Saltz and Shroyer have generated maps of patterns for immune cells in tumors. “We and others have shown that these are related to how patients respond to treatment,” Saltz said. He described his work with these scientists as “basic clinical cancer research,” in which he develops and enhances technology to understand various types of cancer.

This particular grant is “more about technology and curation,” Saltz said. “People are developing new algorithms, in artificial intelligence and machine learning.” By making this information available, scientists from around the world who have insights into the specific types of cancer can use it to predict responses to treatment and develop and refine the algorithms that underlie the computer analysis.

Using specific cancers from radiology and pathology studies is akin to sitting in a football stadium and examining a blade of grass from the bleachers, Saltz suggested, borrowing from a phrase he’d heard at a recent panel discussion with Liron Pantanowitz from the Department of Pathology at the University of Pittsburgh Medical Center.

“What we do is we create catalogs of every blade of grass and every worm and weed,” Saltz added. “It’s a huge database problem” in which he is integrating software development.

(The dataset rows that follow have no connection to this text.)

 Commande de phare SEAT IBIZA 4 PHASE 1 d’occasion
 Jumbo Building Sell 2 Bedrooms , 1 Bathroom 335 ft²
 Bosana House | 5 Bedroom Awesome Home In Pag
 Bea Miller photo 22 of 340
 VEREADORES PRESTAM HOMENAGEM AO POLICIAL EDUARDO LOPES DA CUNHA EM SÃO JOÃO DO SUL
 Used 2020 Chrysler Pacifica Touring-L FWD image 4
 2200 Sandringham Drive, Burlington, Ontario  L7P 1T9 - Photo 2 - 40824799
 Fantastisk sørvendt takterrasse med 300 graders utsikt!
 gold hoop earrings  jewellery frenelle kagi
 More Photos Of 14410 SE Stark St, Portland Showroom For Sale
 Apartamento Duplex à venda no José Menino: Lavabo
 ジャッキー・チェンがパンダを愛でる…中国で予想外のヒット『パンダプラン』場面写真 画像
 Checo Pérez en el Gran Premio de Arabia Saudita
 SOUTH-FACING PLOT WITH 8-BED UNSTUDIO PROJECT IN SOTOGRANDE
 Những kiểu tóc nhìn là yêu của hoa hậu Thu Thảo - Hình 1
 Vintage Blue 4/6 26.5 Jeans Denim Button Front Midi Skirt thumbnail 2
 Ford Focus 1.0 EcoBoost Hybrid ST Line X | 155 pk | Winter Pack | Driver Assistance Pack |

Hannun, who has been working to help Stony Brook University earn a National Cancer Institute designation, suggested that this bioinformatics work is “a critical component of our plans” and represents an area of exceptional strength.”

Cancer bioinformatics is “one of the main pillars of our research program and it integrates well with our efforts in imaging, metabolomics, improved diagnostics and improved therapeutics,” Hannun explained.

As for his department, Saltz said Stony Brook will have its first biomedical informatics Ph.D. graduate at the end of 2017. Yanhui Liang joined Stony Brook when Assistant Professor Fusheng Wang came to Long Island from Emory. Xin Chen will graduate in May of 2018.

The doctoral program, which launched last year, has five current students and “we’re hoping to get a bigger class this year,” Saltz said. “Informatics involves making techniques for better health care,” Saltz said. People with medical degrees can do fellowship training in clinical informatics.

A resident of Manhasset, Saltz lives with his wife Mary, who is an assistant clinical professor of radiology at Stony Brook University. Over the course of the next five years, Saltz said he believes this grant will continue to allow him and his collaborators to develop tools that will help provide insights into cancer research and, down the road, into personalized cancer treatment.